Friday, October 18, 2013

Settle into anime this fall with Spice and Wolf

Friends and readers often ask me for new anime recommendations, but the truth is that I'm a bit behind this year.

Attack on Titan is pretty great, but I haven't had the time to devote to it - mostly because I've been catching up on the classics like Spice and Wolf.  Many might wonder how a series from 2008 could qualify as classic, and it's a fair question, but Spice and Wolf establishes solid themes and characters which are rarely seen in anime - or television in general.

Set in a fantasy medieval world, Spice and Wolf isn't a swords & elves anime slash-'em-up.  In fact, the main character Kraft Lawrence can barely hold a sword - he's a young and ambitious spice merchant who's trying to turn a tidy profit and dreams of one day opening up a shop of his own where he can charge people a fair price for quality goods.
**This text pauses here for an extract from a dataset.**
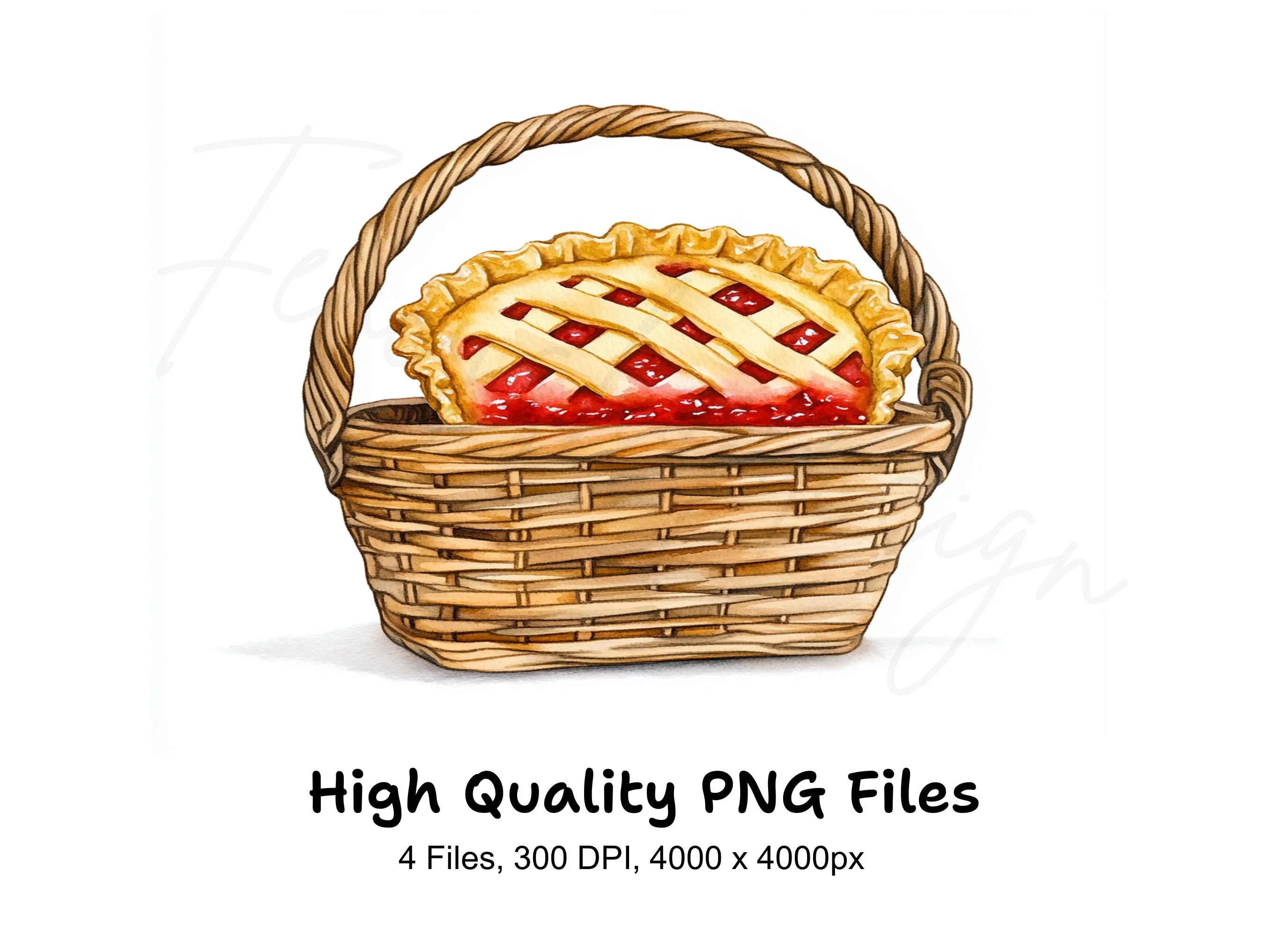 Cherry Pie in Basket Clipart Bundle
Early on his journey, he meets a personification of a forgotten pagan harvest deity named Holo who's having a rough time of things.  She quickly convinces Lawrence to help her head back to her homeland far in the north where she hasn't been made obsolete by the church.
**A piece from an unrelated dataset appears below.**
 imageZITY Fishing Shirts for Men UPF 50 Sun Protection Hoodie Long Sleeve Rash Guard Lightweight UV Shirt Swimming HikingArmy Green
The journey Holo and Lawrence face isn't an easy one, however, and there are plenty of obstacles in their path... but they're obstacles that to a cerebral team can reasonably overcome, like disingenuous guild masters and rival merchants looking to take advantage of Lawrence's trusting nature.

Also, there's the church - which as it turns out, isn't too keen on a pagan goddess-turned-wolfgirl stalking around their lands.

Spice and Wolf isn't a series to watch if you're expecting a lot of action scenes or tense, dramatic developments.  It's an anime to watch as you settle down on the couch with a glass of hot apple cider or spiced wine when you're free to devote all of your attention to it.

The relationship between Lawrence and Holo quickly becomes the focus of the show as the two unlikely traveling companions learn that they have more to offer to one another than they initially expected.  In dealing with the human world, Holo learns a great deal about humility and the greed of mankind while Lawrence learns that it's sometimes ok to set aside the merchant's scales and dreams of life when you find someone worth spending your time with.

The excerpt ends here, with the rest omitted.